The hapless man — who used to work in a carpet factory at Panipat — somehow dragged his fractured leg to reach his rented accommodation, where some others helped him by taking him to a doctor. He is now sitting jobless with his plastered leg.
“I don’t know why the police are behaving here in such a manner. They are indiscriminately picking up Bengali-speaking people, particularly if they happen to be Muslims, and branding them as Bangladeshis,” said Kabir.
Md Junaid, a worker from North Dinajpur who also ended up with a fractured leg after police beatings, used to work in the same factory, Kabir said.
He said his ordeal started on July 26 noon.
"A police team reached our carpet factory. We were told to accompany the cops to the Panipat police station for document verification and made to stand in a queue with around 800 people, including women and children,” he said.
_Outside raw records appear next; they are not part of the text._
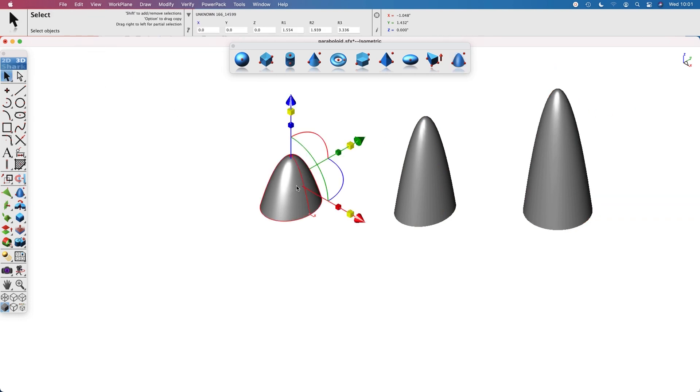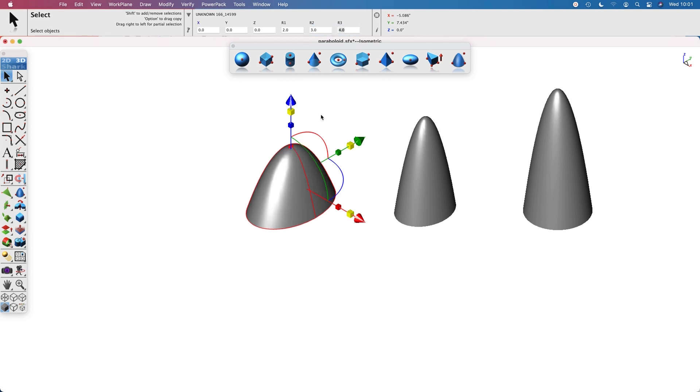Each method provides a data entry window interface to change the associated radius values. Thank you.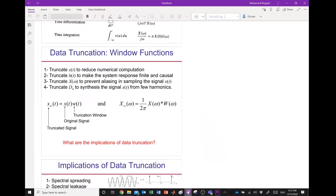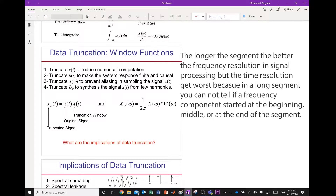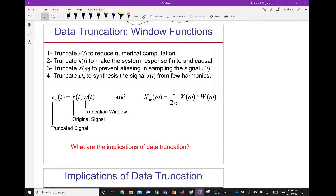Hello everyone. The topic of today's video is data truncation, and one of the major applications is in digital signal processing. You have a long signal, and usually it is processed by segmenting it into lengths of 50 milliseconds or 100 milliseconds. The length of these segments has implications — the shorter the length, the more real-time the processing, but you lose some frequency resolution. We will discuss the implications of data truncation and the relevant criteria.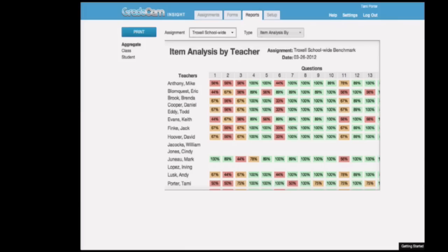Another feature is that administrators can issue benchmark exams. They can scan in a test in their office, align it with state standards, and share it with the school. As the teachers scan in the classroom, the administrator can see in real time how each class is performing. Through that, they can connect different teachers — saying this class needs to talk to this teacher because they're not performing well on a particular question.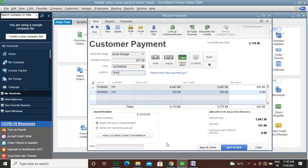You can check other customers and their details for recurring payments, and check the payment methods.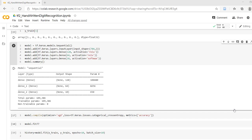Ahead of time we don't know how many layers should be there in a neural network, how many neurons will be there, and so on. We have to perform a trial and error method here to understand what will be the effect of these hyperparameters on the result.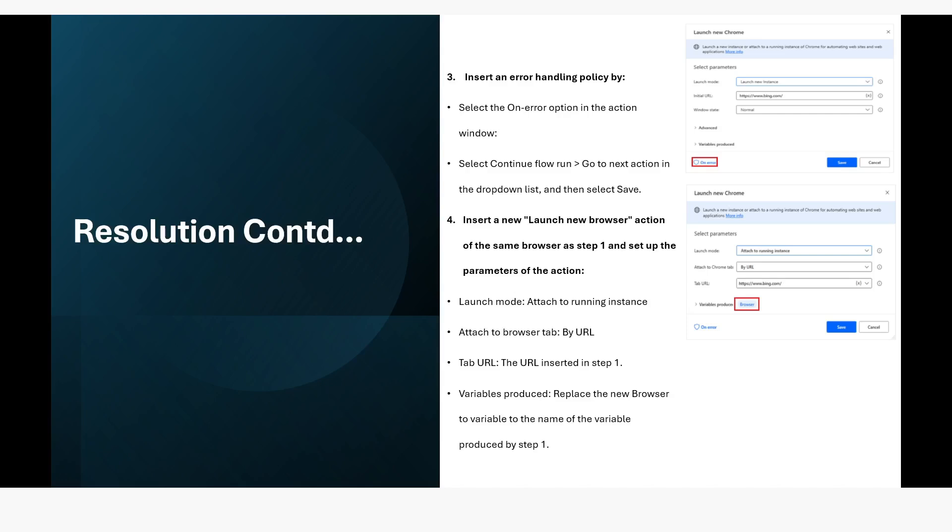The fourth one is that insert new launch new browser action of the same browser as step one and set up the parameters of the action. Launch mode: attach to running instance, then attach to the browser by the URL. Tab URL: the URL inserted into step one. Then variables produced: replace the new browser variable to name of the variable first used by step one.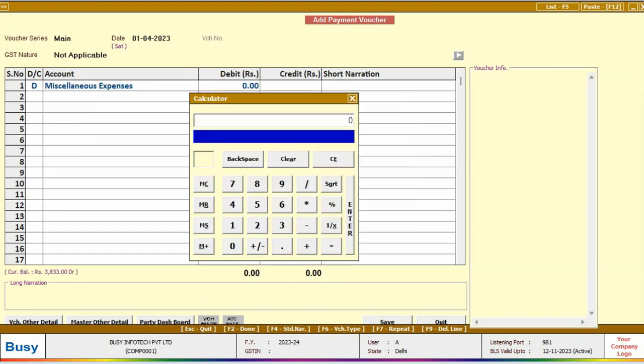Now, open the calculator using the F10 key. Here, add all the expense values and get the total of all the expense amounts. Here is the smart part.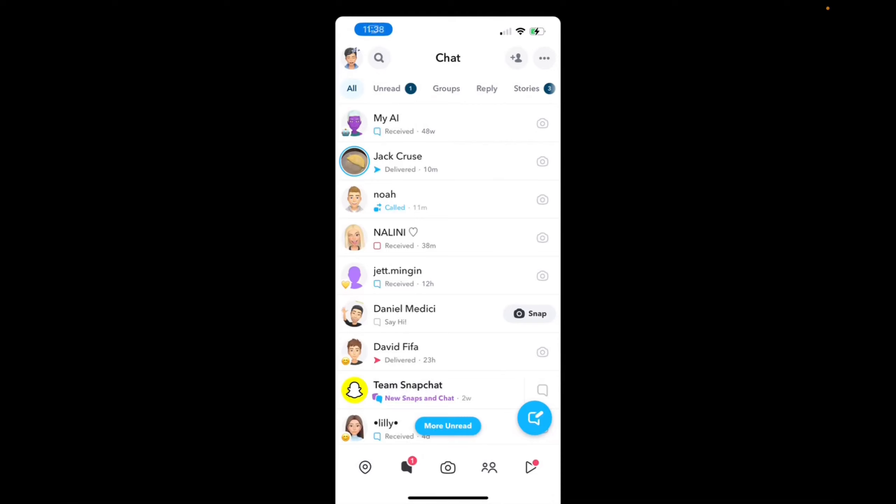Welcome back to 8482 Media. Today I'm going to quickly show you guys how to block someone on Snapchat. It's very simple, and there are a few ways to do it.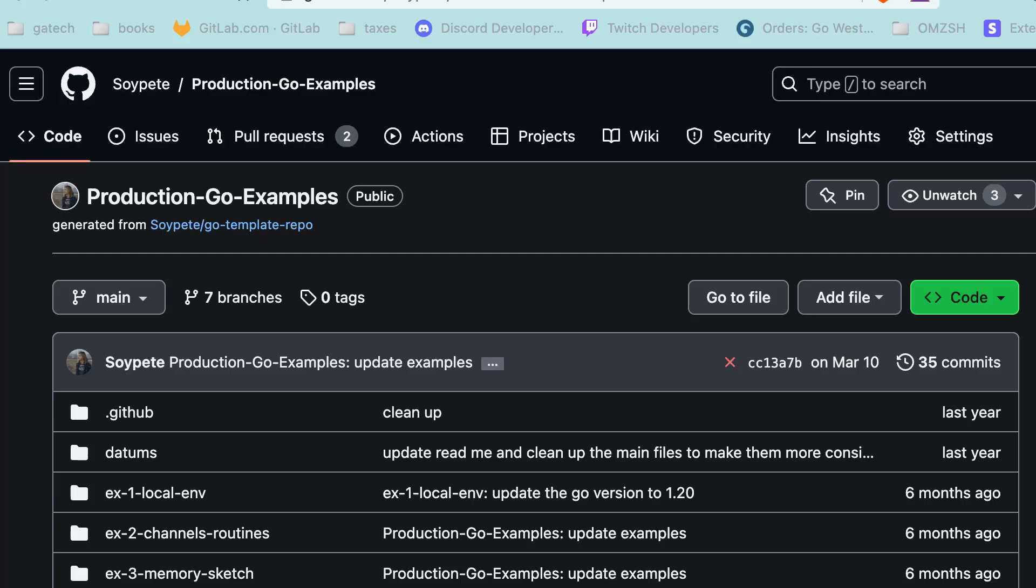Our example today comes from the GitHub repository at github.com/soyp/production-go-examples. This will be linked in the description. Feel free to follow along with the code as you go through the video.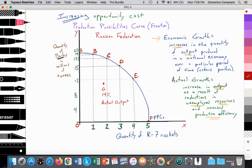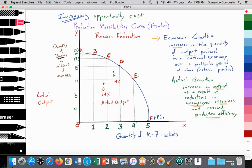Spain, in that previous video, had 14% unemployed labor, and point G reflects the actual amount of output in a real-world economy like Spain. We also labeled point H as another example of actual output for Andorra, where about 4% of their labor force is unemployed. Both points G and H are examples of actual output — a country producing beneath their PPC curve. The goal of a nation over time is to employ more of their resources, moving from 14% unemployed to 4%, achieving actual growth.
After an hour, Kabir, along with three others, was asked to come out of the queue. They were taken to a room inside the police station and told their Aadhaar cards were fake.
“The policemen told us to confess we were Bangladeshis. That's when the torture started. They simply did not believe I am from Ukushbhasa, a village in the Soalpara area of Goalpokhor block in North Dinajpur," Kabir said. "I was gagged and beaten up there and then put in a jeep and taken to a camp where I was tortured the whole night."
Over a week has passed. As he can't work, he is left with little money.
"On Saturday, Md Azad, a Trinamool leader of our area, met me and handed over some money. But I can't work with my broken foot and don’t know how to run my family,' he said.
He said that hundreds of Bengali-speaking migrants in Panipat were spending sleepless nights. Many were leaving for Bengal.
Kabir said he has his wife and two children back home in Ukushbhasa. “I am at my wit's end. Back home, I won’t get a job. Here in Panipat, there is always the fear that the cops pick me up again,” he said.
Imran Ali Ramz, a former MLA and a Congress leader from North Dinajpur, has reached Panipat.
“Since Sunday, I have been visiting the areas where the migrant workers stay. Local Congress leaders are helping me. I am interacting with them and assuring them of help. On August 6, a delegation from the state Congress will visit Panipat and we will meet senior police officers with our protest against the treatment meted out to these migrant workers,” Imran said over the phone.
Migrants return
Around 100 migrant workers who had been working in Haryana returned home in South Dinajpur district on Monday following incidents of torture and harassment by Haryana police.
They hired buses to reach Buniadpur in their native district, “As we speak Bengali, we are being tortured by the police. We could not bear it anymore and hired a bus to reach home today (Monday),” said worker Tafidul Islam.